The failure of Russian President Vladimir Putin’s state visit to Beijing to yield a binding contract for the Power of Siberia 2 (PS2) pipeline exposes a profound miscalculation in contemporary energy geopolitics. On paper, the strategic convergence appeared absolute. The war in Iran and the subsequent closure of the Strait of Hormuz cut off a vital artery supplying one-third of China’s oil and 25 percent of its natural gas imports, specifically targeting its primary liquefied natural gas (LNG) suppliers, Qatar and the United Arab Emirates. Simultaneously, Russia sat on stranded western Siberian reserves from the Yamal Peninsula—the very fields that once fed Europe via the defunct Nord Stream network—desperately seeking an alternative fiscal anchor.
Yet, despite a high-profile summit featuring a non-binding memorandum of understanding on technical routing through Mongolia, the multi-billion-dollar megaproject remains deadlocked. The standard narrative attributes this impasse to superficial diplomatic posturing or temporary friction over pricing. The reality is structural. Moscow’s inability to close the deal during an active maritime energy crisis reveals a severe asymmetry in bargaining leverage, driven by game-theoretic dynamics, structural shifts in China’s domestic energy portfolio, and the prohibitive economic cost functions confronting Gazprom. Discover more on a related issue: this related article.
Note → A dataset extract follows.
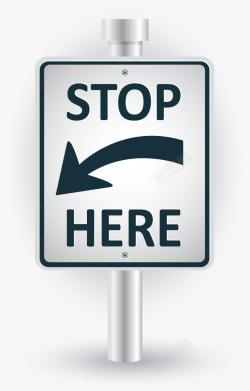 禁止大型车停放指示牌银色金属质感路牌矢量图高清图片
The Three Pillars of Chinese Monopsony Leverage
To understand why the Hormuz crisis did not instantly open the Russian valve, one must deconstruct the bilateral relationship through the lens of asymmetric market power. China acts effectively as a monopsonist buyer for overland Eurasian pipeline gas, while Russia operates as a captive seller with zero near-term alternative infrastructure to redirect its western reserves. This structural imbalance manifests across three distinct strategic pillars.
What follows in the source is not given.